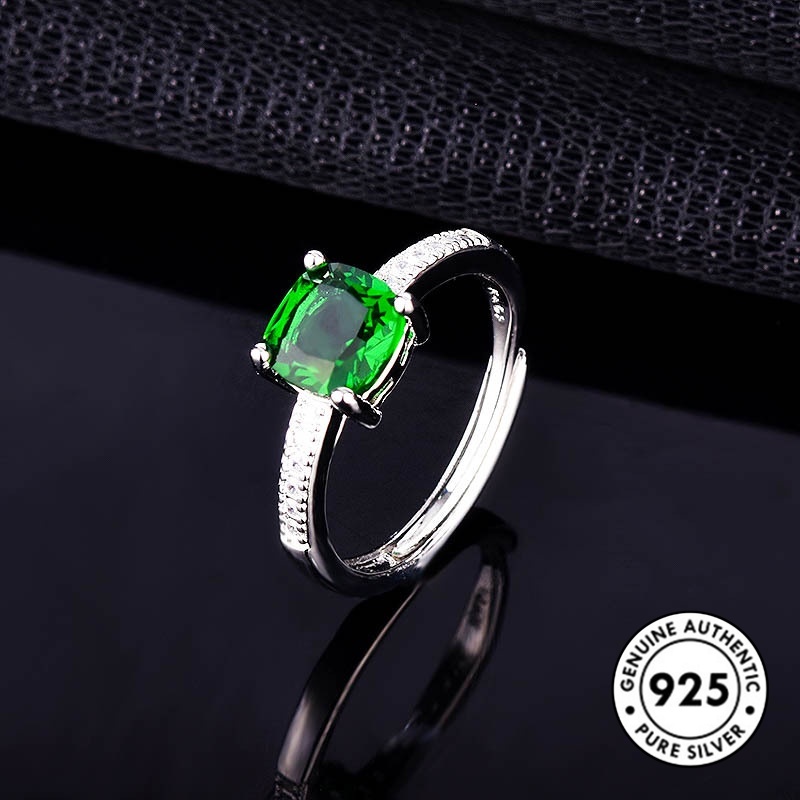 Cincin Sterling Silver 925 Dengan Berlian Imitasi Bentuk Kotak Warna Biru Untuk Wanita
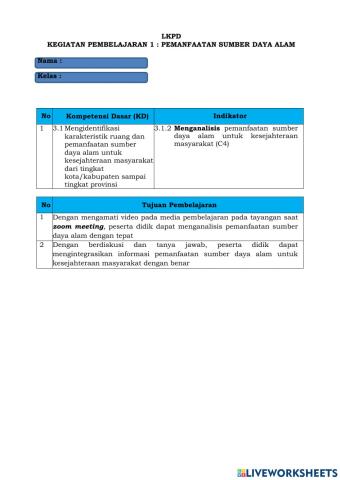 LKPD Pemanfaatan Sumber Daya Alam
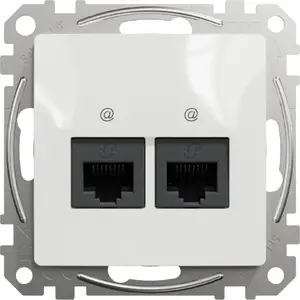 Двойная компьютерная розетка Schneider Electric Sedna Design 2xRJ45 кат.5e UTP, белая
* * *
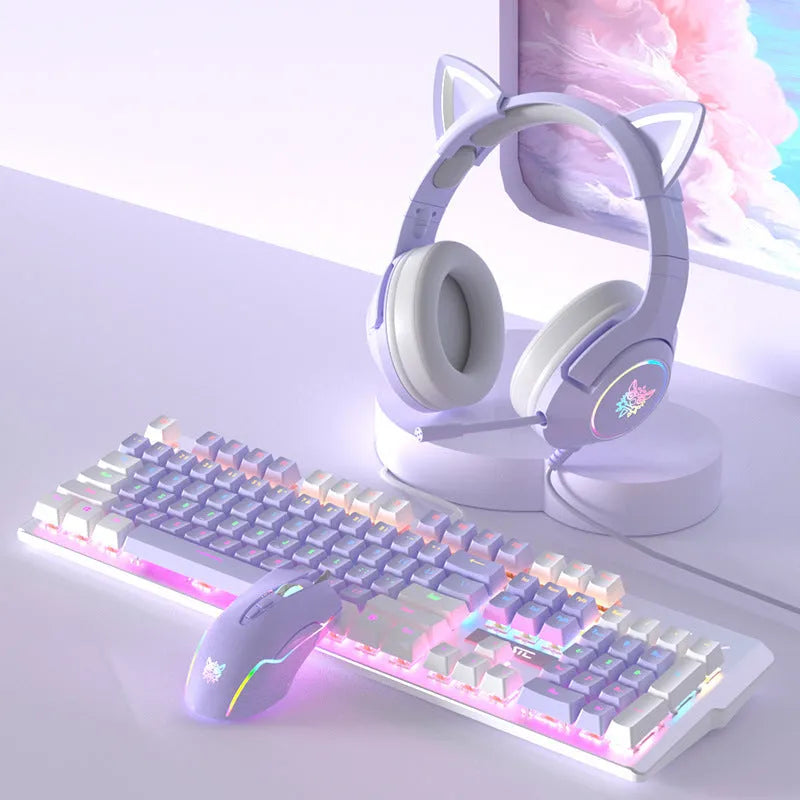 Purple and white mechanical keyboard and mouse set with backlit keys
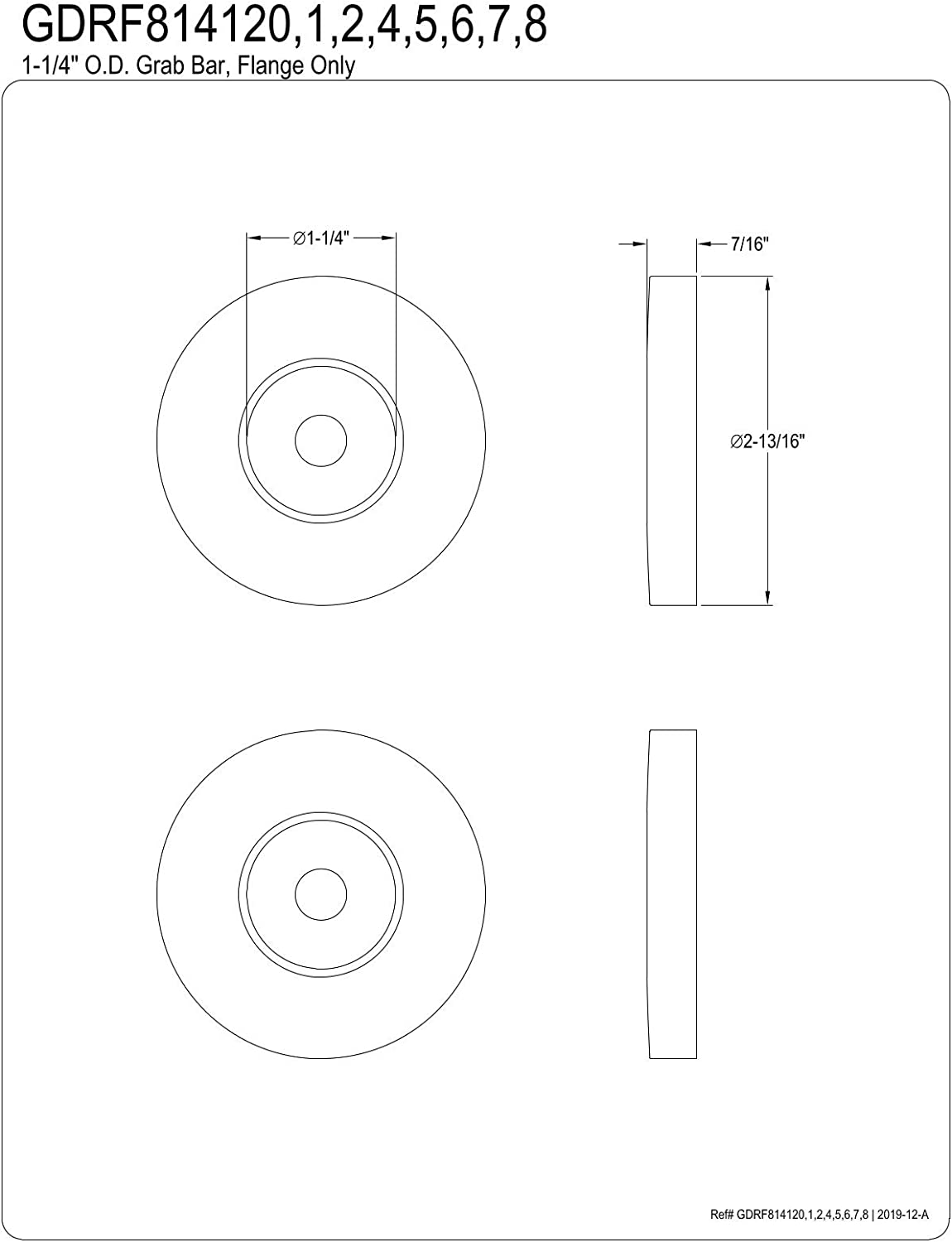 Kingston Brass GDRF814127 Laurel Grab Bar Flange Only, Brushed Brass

▶ Goal of the exercise: From the material above, output only the span of lines that starts at the one containing "Cincin Sterling Silver" and finishes at the one containing "Двойная компьютерная розетка", word for word and free of pictures.

▶ Task result:
 Cincin Sterling Silver 925 Dengan Berlian Imitasi Bentuk Kotak Warna Biru Untuk Wanita
 LKPD Pemanfaatan Sumber Daya Alam
 Двойная компьютерная розетка Schneider Electric Sedna Design 2xRJ45 кат.5e UTP, белая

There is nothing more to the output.